/---
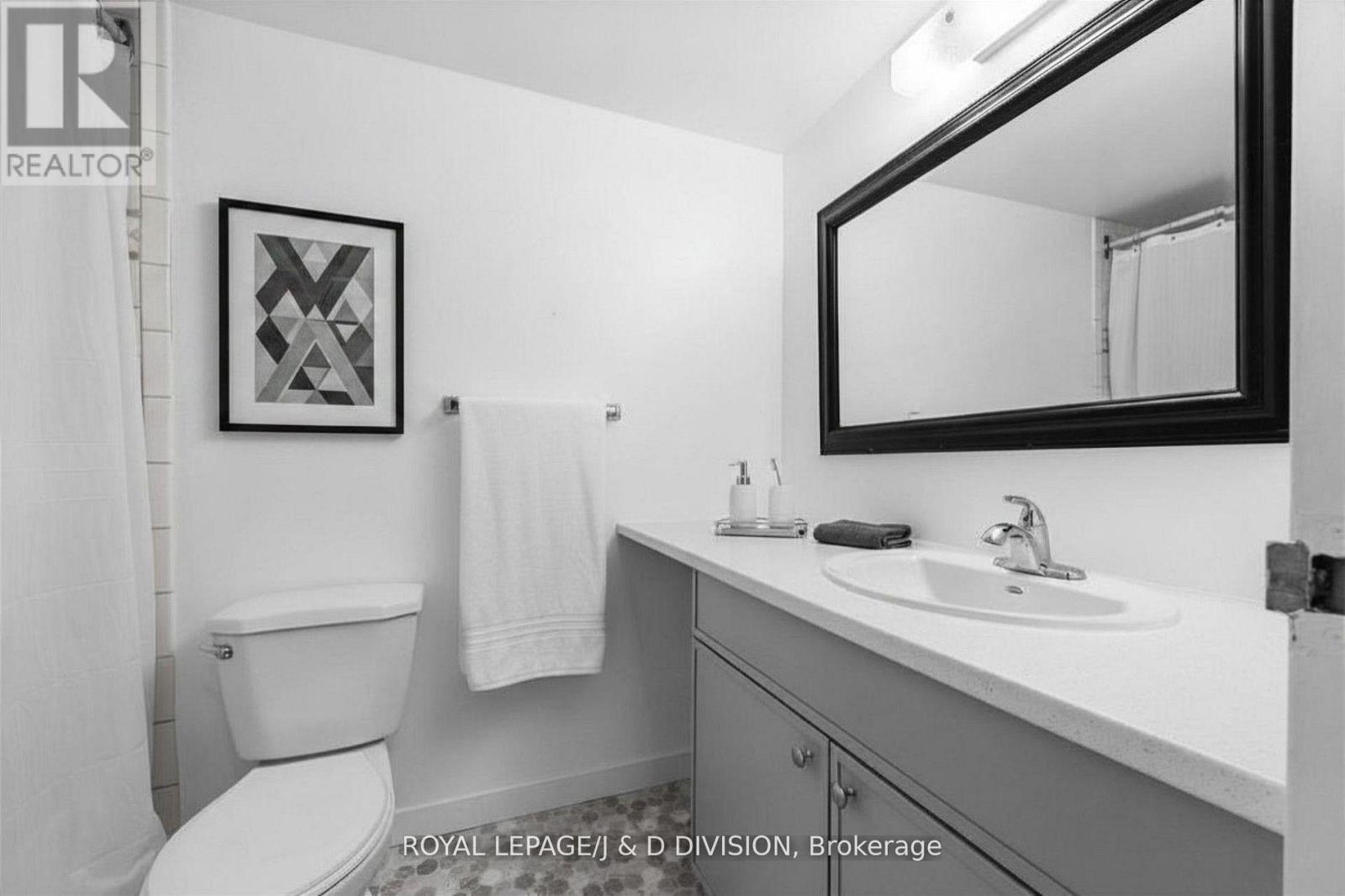 221b - 364 The East Mall, Toronto, Ontario  M9B 6C5 - Photo 23 - W13119490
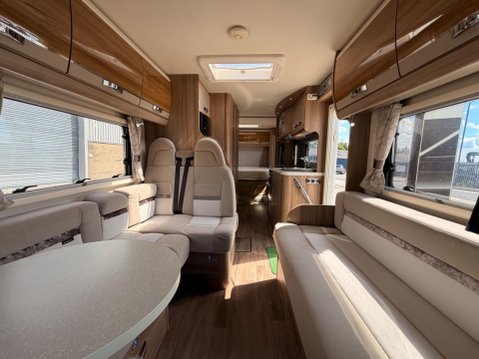 Swift Kon-Tiki KON-TIKI 669 HIGH (3axle) 8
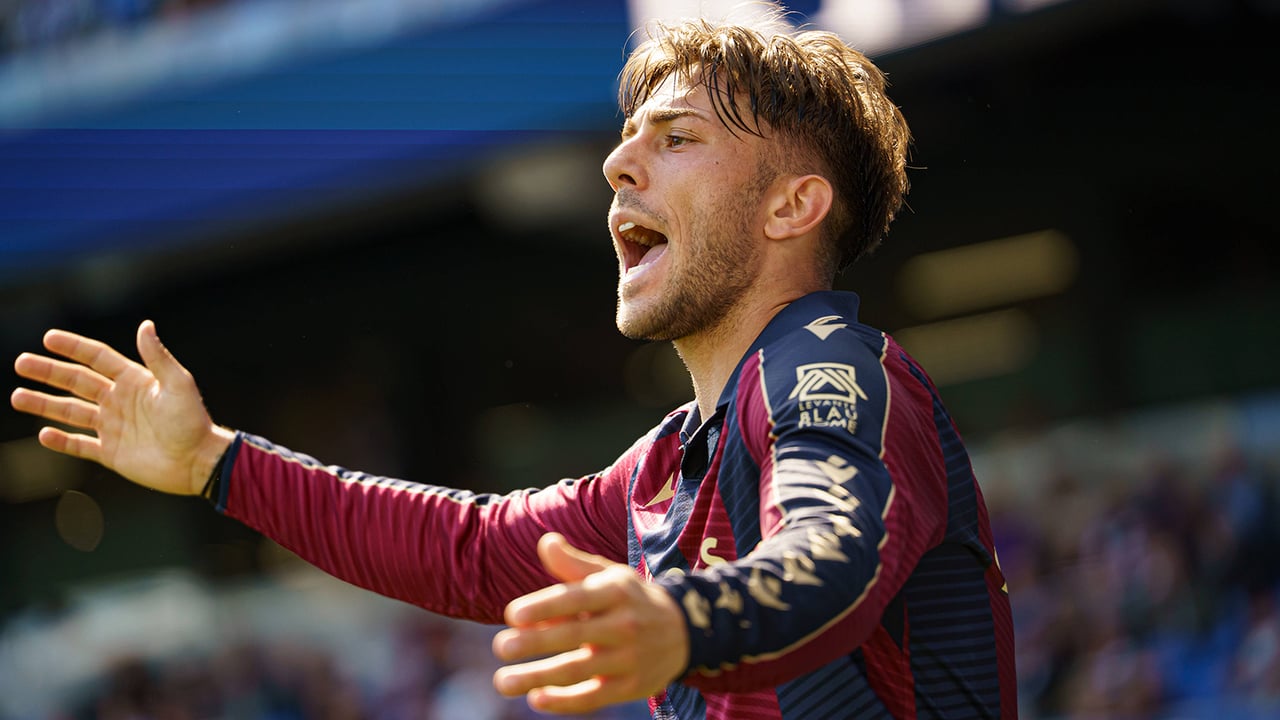 El Betis comunica a Iker Losada la decisión de Pellegrini para el proyecto de Champions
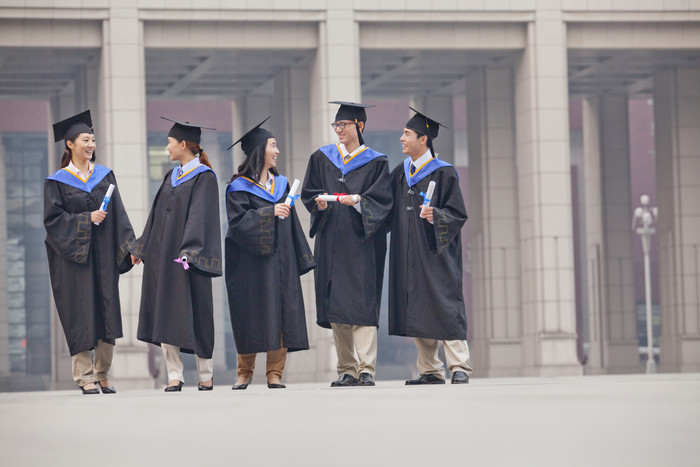 大学生一群人年轻人男女微笑毕业学位帽礼服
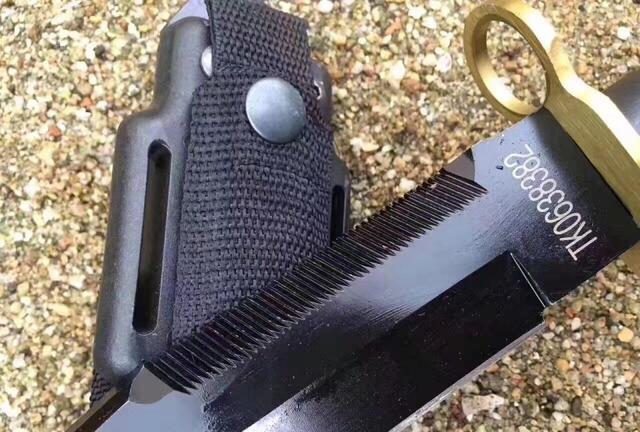 近身实战的格斗好武器 美国延用至今的m9军刀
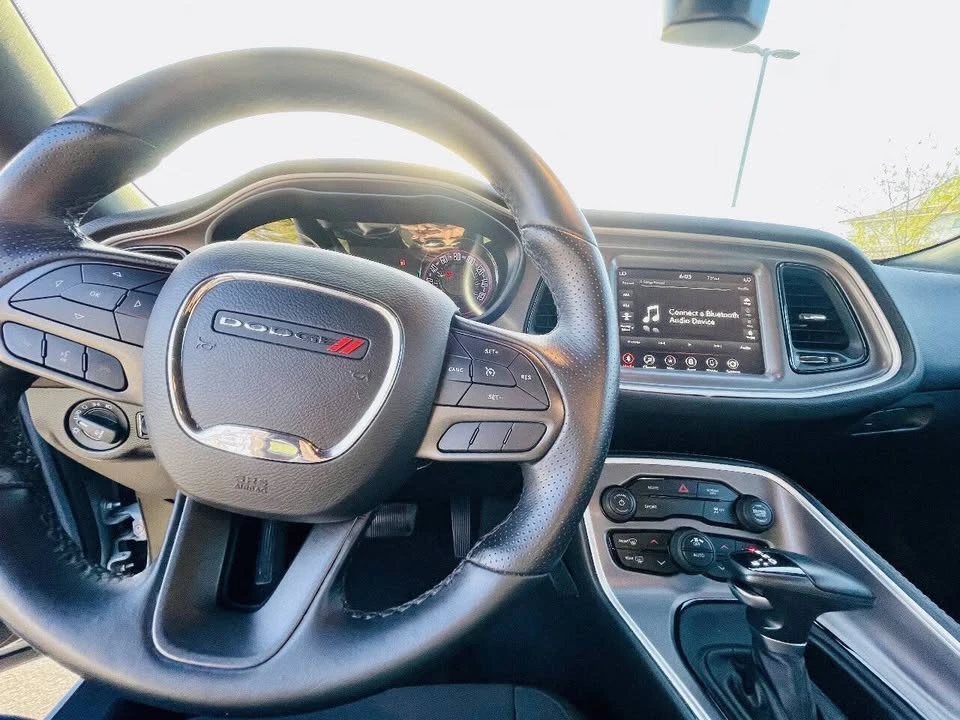 2022 Dodge Challenger 3rd Gen - Image 10 of 19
\---
Repeat the data exactly, dropping every picture it holds.

 221b - 364 The East Mall, Toronto, Ontario  M9B 6C5 - Photo 23 - W13119490
 Swift Kon-Tiki KON-TIKI 669 HIGH (3axle) 8
 El Betis comunica a Iker Losada la decisión de Pellegrini para el proyecto de Champions
 大学生一群人年轻人男女微笑毕业学位帽礼服
 近身实战的格斗好武器 美国延用至今的m9军刀
 2022 Dodge Challenger 3rd Gen - Image 10 of 19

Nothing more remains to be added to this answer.